Data extracted from a collection
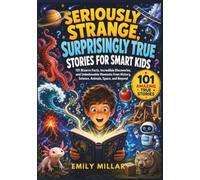 Seriously Strange, Surprisingly True Stories for Smart Kids: 101 Bizarre Facts, Incredible Discoveries, and Unbelievable Moments from History, Science, Animals, Space, and Beyond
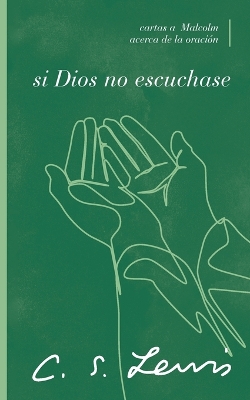 Si Dios no escuchase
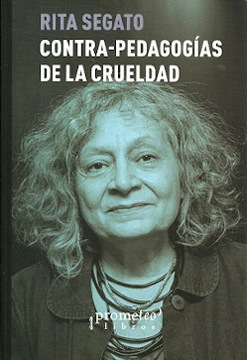 CONTRA-PEDAGOG�AS DE LA CRUELDAD / RITA SEGATO.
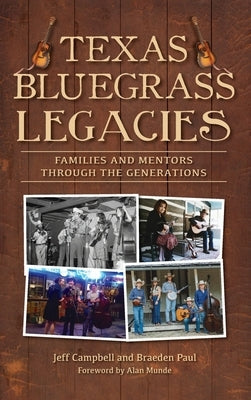 Texas Bluegrass Legacies: Families and Mentors Through the Generations by Campbell, Jeffrey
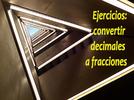 Conversión de fracciones decimales y no decimales a su escritura decimal y viceversa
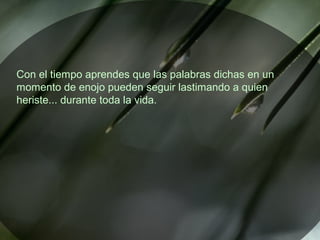 Con el tiempo aprendes que las palabras dichas en un
momento de enojo pueden seguir lastimando a quien
heriste... durante toda la vida.
 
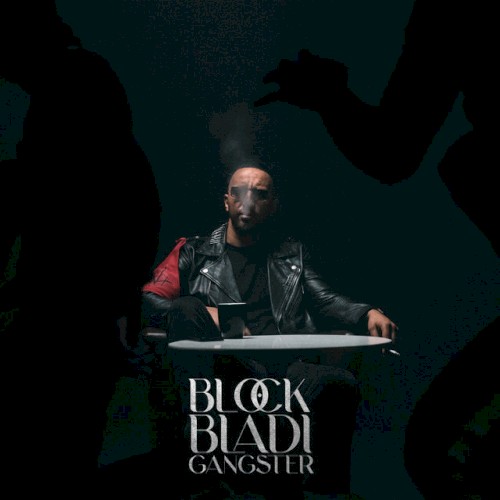 Block Bladi Gangster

_Exercise:_ Please reproduce each entry above word for word and keep the pictures out of the copy.

_Exercise solution:_
 Seriously Strange, Surprisingly True Stories for Smart Kids: 101 Bizarre Facts, Incredible Discoveries, and Unbelievable Moments from History, Science, Animals, Space, and Beyond
 Si Dios no escuchase
 CONTRA-PEDAGOG�AS DE LA CRUELDAD / RITA SEGATO.
 Texas Bluegrass Legacies: Families and Mentors Through the Generations by Campbell, Jeffrey
 Conversión de fracciones decimales y no decimales a su escritura decimal y viceversa
 Con el tiempo aprendes que las palabras dichas en un
momento de enojo pueden seguir lastimando a quien
heriste... durante toda la vida.
 
 Block Bladi Gangster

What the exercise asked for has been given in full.